As it happened, I was reasonably sure that the twenty-one-minute segment included my sole contribution, a single frame I’d forged one day after school, during my senior year. I’d come home to find Abraham out, perhaps shopping. Later I couldn’t remember the exact circumstances, only the compulsion which had come over me, to sneak into his studio and paint the frame. Abraham’s brushes were wet—he’d just been working. The empty frame was centered in the sprockets, and I would only have to ratchet it one position farther to conceal my addition. The chance was handed to me on a platter, but still I barely dared. With a loaded brush tip I trembled over the frame, not setting the pigment down: the irreversible act. I was terrified of
authority
—not Abraham’s, but my own.

I painted it—laid down black, laid down gray. Then broke out in a fearful sweat and fled the scene. I spent a week waiting to be accused, and wasn’t. Whether I was caught I’d never know. My father was more than capable of detecting the forged frame and opting not to speak. Leaving it in or splicing it out, but saying nothing. Now, though, I permitted myself to imagine he’d left it in. One twenty-fourth of a second in twenty-five years: mine.

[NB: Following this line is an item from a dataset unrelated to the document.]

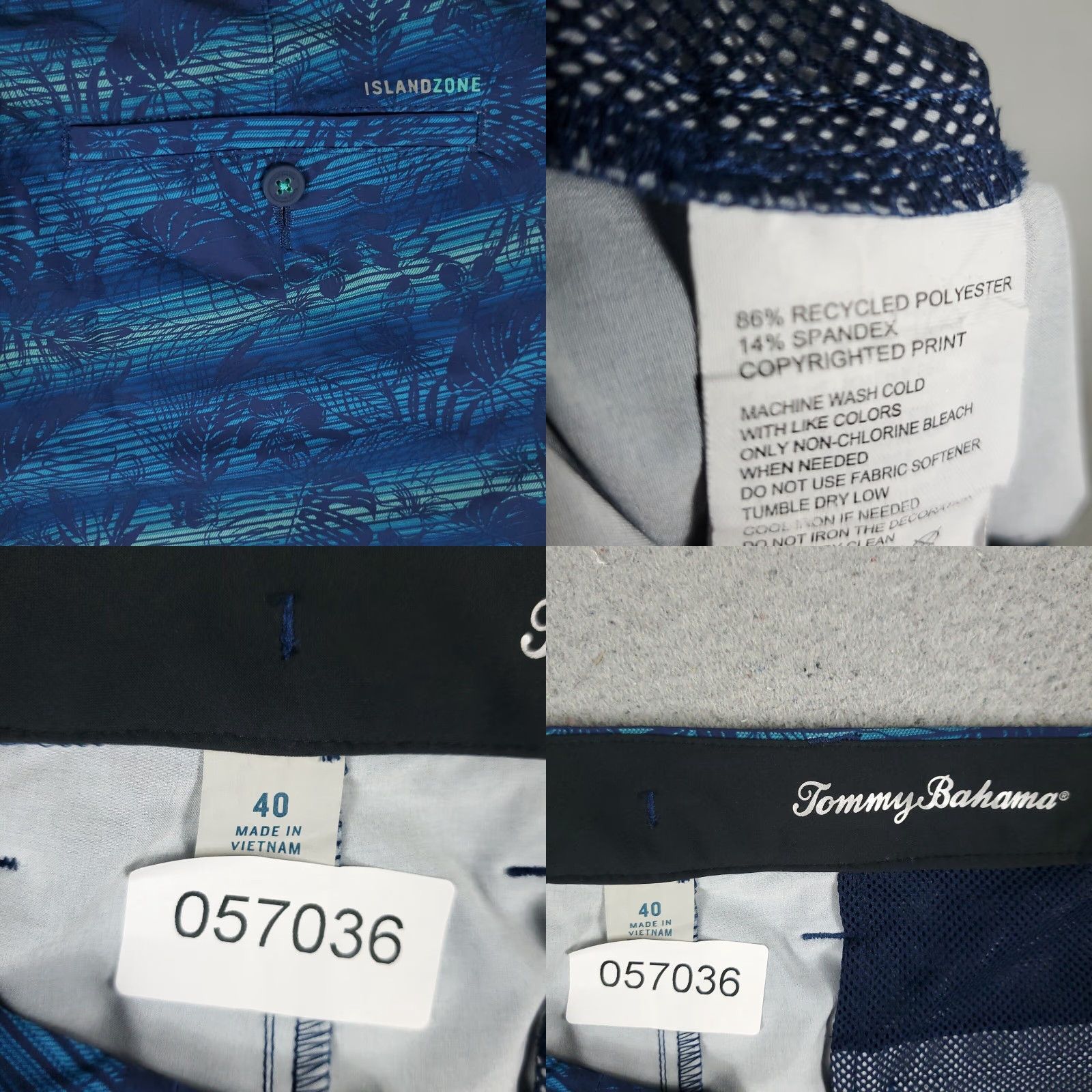 Tommy Bahama Tommy Bahama Shorts Mens 2XL Blue Striped Tropical Beach Board Swim Trunks Size US 39 - 8 Thumbnail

Now I cadged a painkiller from Francesca and tried to ignore the pressure of my dehydrated brain against the top of my eyeballs. The room was silent apart from the film’s clicking passage and the whine of the projector’s fan. It was hard to give the film its due (whatever that was), between hangover and my sense of Abraham, back with the projector, watching us watch from across a distance of empty seats. Hard not to feel his disappointment in this venue on the back of my neck. I waited for that one strange flare of yellow and red: there it was. Twenty-one minutes passed.

“This is how your father tortures these people who love him,” whispered Francesca. “By subjecting them to such darkness.”

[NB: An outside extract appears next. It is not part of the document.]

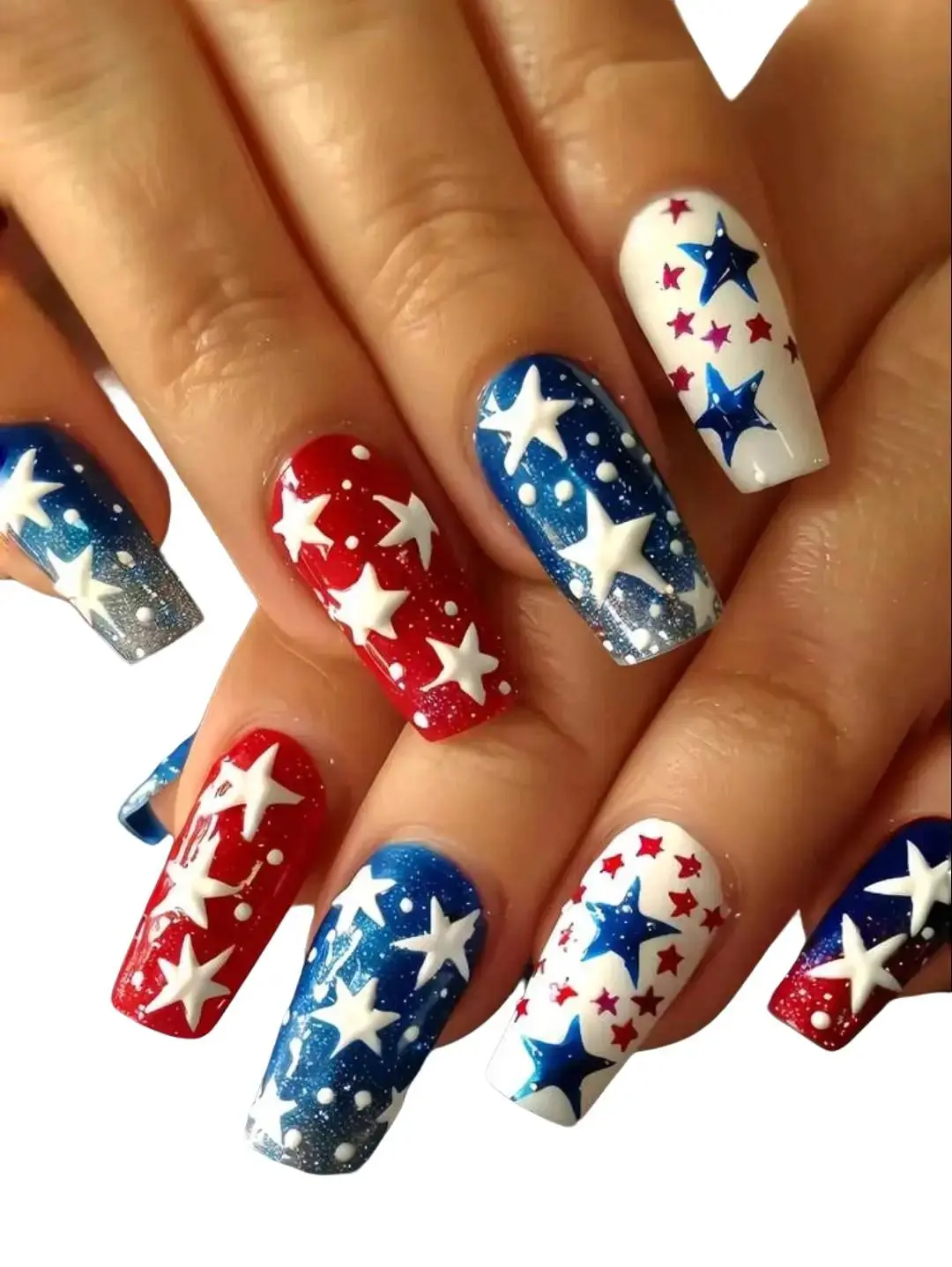 24Pcs Independence Day Press-On Nails | Patriotic Stars & Stripes Nail Set | Reusable Fake Nails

I didn’t reply. I could have used even more darkness at the moment.

The second excerpt was a surprise. A dispatch from the frontier: my father had discovered a green triangle with blunted corners, one trying and failing to fall sideways against the phantasmic, blurred horizon.

The triangle occupied perhaps a quarter of the frame’s area. It trembled, tipped a degree, nearly kissed earth, jumped back. Progress was illusion: two steps forward, two steps back. Impossible, though, not to root for it. To feel it groping like a foot for purchase. Daring, hesitating, failing.

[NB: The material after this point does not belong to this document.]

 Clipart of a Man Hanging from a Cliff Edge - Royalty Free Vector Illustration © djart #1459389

I was unexpectedly moved, forgot the room, forgot my headache, suddenly wept for the triangle’s efforts, a tragedy in no acts. Francesca handed me a tissue from her purse. Prisonaires, triangles, I was a pushover these days. Then it was done, and the lights came on. No one clapped—they’d forgotten how, or perhaps the film had persuaded them to fear that their hands, urged together, would fail to meet.

Zelmo Swift appeared at the front and taught us to be brave: a clapping sound could indeed be produced. He led the way. We applauded and my father came to the front, was seated before another microphone, though he hardly needed it to be heard in the sparse room. The few questions that came were either timid or inane. Abraham took them politely.

“Have you ever considered adding a soundtrack?”

“You mean conversation? Or music?”

“Uh, music. It would give you something to listen to.”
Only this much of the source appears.